▶ [Extracted data entries]:
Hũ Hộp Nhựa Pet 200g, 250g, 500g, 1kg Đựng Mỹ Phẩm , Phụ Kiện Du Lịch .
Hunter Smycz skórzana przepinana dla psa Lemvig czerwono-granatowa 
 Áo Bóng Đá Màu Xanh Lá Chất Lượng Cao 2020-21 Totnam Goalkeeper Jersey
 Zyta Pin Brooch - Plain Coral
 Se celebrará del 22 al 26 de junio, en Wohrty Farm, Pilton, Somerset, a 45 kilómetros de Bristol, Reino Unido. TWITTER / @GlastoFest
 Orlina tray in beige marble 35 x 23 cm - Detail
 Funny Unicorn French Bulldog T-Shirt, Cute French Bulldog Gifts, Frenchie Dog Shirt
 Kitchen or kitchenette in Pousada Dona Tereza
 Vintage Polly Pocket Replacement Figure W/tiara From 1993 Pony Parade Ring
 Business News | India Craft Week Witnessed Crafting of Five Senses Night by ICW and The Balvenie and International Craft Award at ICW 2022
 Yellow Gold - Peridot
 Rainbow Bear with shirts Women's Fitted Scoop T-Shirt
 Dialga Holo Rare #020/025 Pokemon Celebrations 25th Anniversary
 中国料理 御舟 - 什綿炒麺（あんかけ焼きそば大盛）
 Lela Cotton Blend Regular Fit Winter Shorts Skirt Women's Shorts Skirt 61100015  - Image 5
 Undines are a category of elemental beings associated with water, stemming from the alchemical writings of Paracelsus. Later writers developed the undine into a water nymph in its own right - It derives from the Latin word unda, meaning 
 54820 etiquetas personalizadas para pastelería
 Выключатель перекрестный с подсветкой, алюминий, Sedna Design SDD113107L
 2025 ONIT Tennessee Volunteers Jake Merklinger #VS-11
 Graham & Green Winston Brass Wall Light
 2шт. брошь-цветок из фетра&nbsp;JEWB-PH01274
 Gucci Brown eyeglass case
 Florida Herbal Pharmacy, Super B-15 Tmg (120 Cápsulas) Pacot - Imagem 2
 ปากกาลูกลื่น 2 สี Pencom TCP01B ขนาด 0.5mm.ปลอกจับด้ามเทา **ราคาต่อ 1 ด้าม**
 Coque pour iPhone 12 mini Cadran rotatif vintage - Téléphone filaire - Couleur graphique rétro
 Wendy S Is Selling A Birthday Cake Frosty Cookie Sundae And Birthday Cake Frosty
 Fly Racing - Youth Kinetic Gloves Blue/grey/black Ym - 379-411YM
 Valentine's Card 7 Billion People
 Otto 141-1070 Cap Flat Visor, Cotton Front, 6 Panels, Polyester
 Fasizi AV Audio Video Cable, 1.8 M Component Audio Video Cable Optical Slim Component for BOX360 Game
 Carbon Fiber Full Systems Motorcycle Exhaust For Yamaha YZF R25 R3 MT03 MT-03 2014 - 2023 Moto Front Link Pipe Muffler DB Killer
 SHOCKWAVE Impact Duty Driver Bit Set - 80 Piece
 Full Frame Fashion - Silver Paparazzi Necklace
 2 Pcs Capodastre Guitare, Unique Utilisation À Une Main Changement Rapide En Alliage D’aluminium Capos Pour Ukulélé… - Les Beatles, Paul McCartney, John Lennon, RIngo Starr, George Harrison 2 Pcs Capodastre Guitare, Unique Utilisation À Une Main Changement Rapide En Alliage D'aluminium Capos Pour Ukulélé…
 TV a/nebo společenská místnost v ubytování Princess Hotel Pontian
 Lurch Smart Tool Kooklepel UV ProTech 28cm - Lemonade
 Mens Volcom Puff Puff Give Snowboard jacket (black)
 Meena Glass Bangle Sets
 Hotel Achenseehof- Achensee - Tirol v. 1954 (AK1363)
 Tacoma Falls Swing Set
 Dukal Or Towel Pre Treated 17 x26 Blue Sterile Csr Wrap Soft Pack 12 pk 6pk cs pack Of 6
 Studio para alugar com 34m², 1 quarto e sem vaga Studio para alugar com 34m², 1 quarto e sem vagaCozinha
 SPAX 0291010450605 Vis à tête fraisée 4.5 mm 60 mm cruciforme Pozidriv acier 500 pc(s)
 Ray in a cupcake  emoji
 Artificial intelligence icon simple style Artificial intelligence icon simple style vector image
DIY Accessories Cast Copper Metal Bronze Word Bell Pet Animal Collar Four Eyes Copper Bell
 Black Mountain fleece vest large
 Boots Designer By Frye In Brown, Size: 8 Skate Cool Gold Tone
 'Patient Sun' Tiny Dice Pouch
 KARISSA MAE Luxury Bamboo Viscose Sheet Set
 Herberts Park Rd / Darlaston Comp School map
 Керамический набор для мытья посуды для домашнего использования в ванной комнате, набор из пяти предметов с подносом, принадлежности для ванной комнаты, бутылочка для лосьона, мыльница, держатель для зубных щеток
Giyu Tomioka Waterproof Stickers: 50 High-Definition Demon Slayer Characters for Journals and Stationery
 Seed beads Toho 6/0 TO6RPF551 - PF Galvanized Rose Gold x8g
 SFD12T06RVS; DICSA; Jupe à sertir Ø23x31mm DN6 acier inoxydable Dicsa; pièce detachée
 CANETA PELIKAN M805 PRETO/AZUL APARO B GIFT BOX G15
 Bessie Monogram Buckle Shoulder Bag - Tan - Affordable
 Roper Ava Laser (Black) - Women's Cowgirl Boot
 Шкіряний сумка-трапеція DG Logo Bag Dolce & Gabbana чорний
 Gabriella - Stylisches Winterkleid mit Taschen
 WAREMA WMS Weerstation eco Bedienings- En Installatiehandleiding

▶ [Requirement]: An exact reproduction of all the records is required.

▶ [Result below]:
Hũ Hộp Nhựa Pet 200g, 250g, 500g, 1kg Đựng Mỹ Phẩm , Phụ Kiện Du Lịch .
Hunter Smycz skórzana przepinana dla psa Lemvig czerwono-granatowa 
 Áo Bóng Đá Màu Xanh Lá Chất Lượng Cao 2020-21 Totnam Goalkeeper Jersey
 Zyta Pin Brooch - Plain Coral
 Se celebrará del 22 al 26 de junio, en Wohrty Farm, Pilton, Somerset, a 45 kilómetros de Bristol, Reino Unido. TWITTER / @GlastoFest
 Orlina tray in beige marble 35 x 23 cm - Detail
 Funny Unicorn French Bulldog T-Shirt, Cute French Bulldog Gifts, Frenchie Dog Shirt
 Kitchen or kitchenette in Pousada Dona Tereza
 Vintage Polly Pocket Replacement Figure W/tiara From 1993 Pony Parade Ring
 Business News | India Craft Week Witnessed Crafting of Five Senses Night by ICW and The Balvenie and International Craft Award at ICW 2022
 Yellow Gold - Peridot
 Rainbow Bear with shirts Women's Fitted Scoop T-Shirt
 Dialga Holo Rare #020/025 Pokemon Celebrations 25th Anniversary
 中国料理 御舟 - 什綿炒麺（あんかけ焼きそば大盛）
 Lela Cotton Blend Regular Fit Winter Shorts Skirt Women's Shorts Skirt 61100015  - Image 5
 Undines are a category of elemental beings associated with water, stemming from the alchemical writings of Paracelsus. Later writers developed the undine into a water nymph in its own right - It derives from the Latin word unda, meaning 
 54820 etiquetas personalizadas para pastelería
 Выключатель перекрестный с подсветкой, алюминий, Sedna Design SDD113107L
 2025 ONIT Tennessee Volunteers Jake Merklinger #VS-11
 Graham & Green Winston Brass Wall Light
 2шт. брошь-цветок из фетра&nbsp;JEWB-PH01274
 Gucci Brown eyeglass case
 Florida Herbal Pharmacy, Super B-15 Tmg (120 Cápsulas) Pacot - Imagem 2
 ปากกาลูกลื่น 2 สี Pencom TCP01B ขนาด 0.5mm.ปลอกจับด้ามเทา **ราคาต่อ 1 ด้าม**
 Coque pour iPhone 12 mini Cadran rotatif vintage - Téléphone filaire - Couleur graphique rétro
 Wendy S Is Selling A Birthday Cake Frosty Cookie Sundae And Birthday Cake Frosty
 Fly Racing - Youth Kinetic Gloves Blue/grey/black Ym - 379-411YM
 Valentine's Card 7 Billion People
 Otto 141-1070 Cap Flat Visor, Cotton Front, 6 Panels, Polyester
 Fasizi AV Audio Video Cable, 1.8 M Component Audio Video Cable Optical Slim Component for BOX360 Game
 Carbon Fiber Full Systems Motorcycle Exhaust For Yamaha YZF R25 R3 MT03 MT-03 2014 - 2023 Moto Front Link Pipe Muffler DB Killer
 SHOCKWAVE Impact Duty Driver Bit Set - 80 Piece
 Full Frame Fashion - Silver Paparazzi Necklace
 2 Pcs Capodastre Guitare, Unique Utilisation À Une Main Changement Rapide En Alliage D’aluminium Capos Pour Ukulélé… - Les Beatles, Paul McCartney, John Lennon, RIngo Starr, George Harrison 2 Pcs Capodastre Guitare, Unique Utilisation À Une Main Changement Rapide En Alliage D'aluminium Capos Pour Ukulélé…
 TV a/nebo společenská místnost v ubytování Princess Hotel Pontian
 Lurch Smart Tool Kooklepel UV ProTech 28cm - Lemonade
 Mens Volcom Puff Puff Give Snowboard jacket (black)
 Meena Glass Bangle Sets
 Hotel Achenseehof- Achensee - Tirol v. 1954 (AK1363)
 Tacoma Falls Swing Set
 Dukal Or Towel Pre Treated 17 x26 Blue Sterile Csr Wrap Soft Pack 12 pk 6pk cs pack Of 6
 Studio para alugar com 34m², 1 quarto e sem vaga Studio para alugar com 34m², 1 quarto e sem vagaCozinha
 SPAX 0291010450605 Vis à tête fraisée 4.5 mm 60 mm cruciforme Pozidriv acier 500 pc(s)
 Ray in a cupcake  emoji
 Artificial intelligence icon simple style Artificial intelligence icon simple style vector image
DIY Accessories Cast Copper Metal Bronze Word Bell Pet Animal Collar Four Eyes Copper Bell
 Black Mountain fleece vest large
 Boots Designer By Frye In Brown, Size: 8 Skate Cool Gold Tone
 'Patient Sun' Tiny Dice Pouch
 KARISSA MAE Luxury Bamboo Viscose Sheet Set
 Herberts Park Rd / Darlaston Comp School map
 Керамический набор для мытья посуды для домашнего использования в ванной комнате, набор из пяти предметов с подносом, принадлежности для ванной комнаты, бутылочка для лосьона, мыльница, держатель для зубных щеток
Giyu Tomioka Waterproof Stickers: 50 High-Definition Demon Slayer Characters for Journals and Stationery
 Seed beads Toho 6/0 TO6RPF551 - PF Galvanized Rose Gold x8g
 SFD12T06RVS; DICSA; Jupe à sertir Ø23x31mm DN6 acier inoxydable Dicsa; pièce detachée
 CANETA PELIKAN M805 PRETO/AZUL APARO B GIFT BOX G15
 Bessie Monogram Buckle Shoulder Bag - Tan - Affordable
 Roper Ava Laser (Black) - Women's Cowgirl Boot
 Шкіряний сумка-трапеція DG Logo Bag Dolce & Gabbana чорний
 Gabriella - Stylisches Winterkleid mit Taschen
 WAREMA WMS Weerstation eco Bedienings- En Installatiehandleiding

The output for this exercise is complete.